Although the finding of cysts (small, fluid-filled sacs) in the ovaries is not conclusive for PCOS, many affected women will have polycystic ovaries. It is important to note that the presence of cysts in the ovaries is a common finding in women without PCOS as well. Imaging studies such as pelvic ultrasound can be safely used to demonstrate the presence of cysts in the ovaries. Ultrasound uses sound waves to generate an image of the ovaries; the procedure involves no radiation exposure or injected dyes and carries no risks for the patient.
There are a number of treatments that have been shown to be effective in the treatment of PCOS. Treatment is dependent upon the stage of the woman's life and may be directed toward establishing regular menstrual cycles, controlling abnormal uterine bleeding, controlling excess hair growth, management of associated conditions such as insulin resistance, or promoting the chances of pregnancy when desired.
A number of medical conditions may be associated with PCOS, and treatment may be required that is directed at these co-existent conditions. Associated conditions that may require specific medical treatments include:
• type 2 diabetes,
• insulin resistance,
• elevated blood pressure (hypertension),
• obesity, and
• elevated blood cholesterol and LDL ("bad" cholesterol) levels.
Self-Care at Home
As with any chronic condition, maintenance of a healthy lifestyle can help maximize quality of life and minimize symptoms. Proper nutrition and regular exercise can help manage the weight gain and elevated blood pressure that may accompany PCOS. Weight loss has also been shown in many studies to reduce some of the effects of excess testosterone in women with PCOS.
Medications are the mainstay of treatment for both the menstrual and hormonal symptoms of PCOS as well as associated medical conditions.
Oral contraceptive pills are used in some women with PCOS to establish a regular menstrual cycle and to reduce the risk of endometrial hyperplasia and cancer by establishing regular menstrual periods.
A medication called clomiphene (Clomid) can be used to induce ovulation (cause egg production) in women who desire to become pregnant. If this treatment is not successful, women with PCOS and infertility may require other, more aggressive, treatments for infertility such as injection of gonadotropin hormones and assisted reproductive technologies.
Metformin (Glucophage) is a medication used to treat type 2 diabetes. This drug affects the action of insulin and is often used to treat women with PCOS.

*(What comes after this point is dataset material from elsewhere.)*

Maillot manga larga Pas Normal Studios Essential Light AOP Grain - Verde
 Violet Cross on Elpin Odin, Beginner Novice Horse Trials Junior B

A laparoscopic procedure known as ovarian drilling of the ovaries, in which portions of the ovary are destroyed, has also been used to reduce androgen levels and treat PCOS in some women.
It is important for women with PCOS to routinely follow-up with their health care practitioner according to his or her recommendations, both for the management of the hormonal effects of PCOS as well as the treatment of associated conditions.
Since the cause of PCOS is poorly understood, it is not possible to prevent PCOS. However, maintenance of a healthy weight and lifestyle are important in preventing and controlling many of the conditions that may be associated with PCOS.
Hormonal therapies to induce a regular menstrual cycle and to help prevent the risk of endometrial cancer are usually successful, as are medications that reduce androgen actions.
The prognosis is variable among women with PCOS who undergo fertility treatments.
In women who are overweight or obese, ovulation can sometimes be achieved by moderate weight loss alone. Others may need medications or assisted reproductive technologies to conceive. Although the outlook for infertility treatments varies according to the woman's age and other medical conditions, studies show in general that about 80% of women with PCOS ovulate in response to oral clomiphene citrate (Clomid), and approximately 50% get pregnant. Assisted reproductive technologies can be successful for some women who do not conceive.